* [Directions for this task] Once you find the line containing "In Weiß/ Rosa" in the data below, copy it and each following line exactly, up to and including the line containing "Billy Carson Net", and nothing else.
━━━ Records supplied
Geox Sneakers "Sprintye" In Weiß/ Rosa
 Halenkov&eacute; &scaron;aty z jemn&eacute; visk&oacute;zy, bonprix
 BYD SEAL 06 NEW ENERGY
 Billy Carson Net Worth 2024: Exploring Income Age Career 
━━━━━━
━━━ Records supplied
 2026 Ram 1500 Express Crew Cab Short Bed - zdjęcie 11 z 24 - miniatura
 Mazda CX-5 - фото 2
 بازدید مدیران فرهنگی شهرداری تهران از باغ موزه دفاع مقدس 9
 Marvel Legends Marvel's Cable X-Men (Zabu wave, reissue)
━━━━━━
* [Problem solution]
Geox Sneakers "Sprintye" In Weiß/ Rosa
 Halenkov&eacute; &scaron;aty z jemn&eacute; visk&oacute;zy, bonprix
 BYD SEAL 06 NEW ENERGY
 Billy Carson Net Worth 2024: Exploring Income Age Career 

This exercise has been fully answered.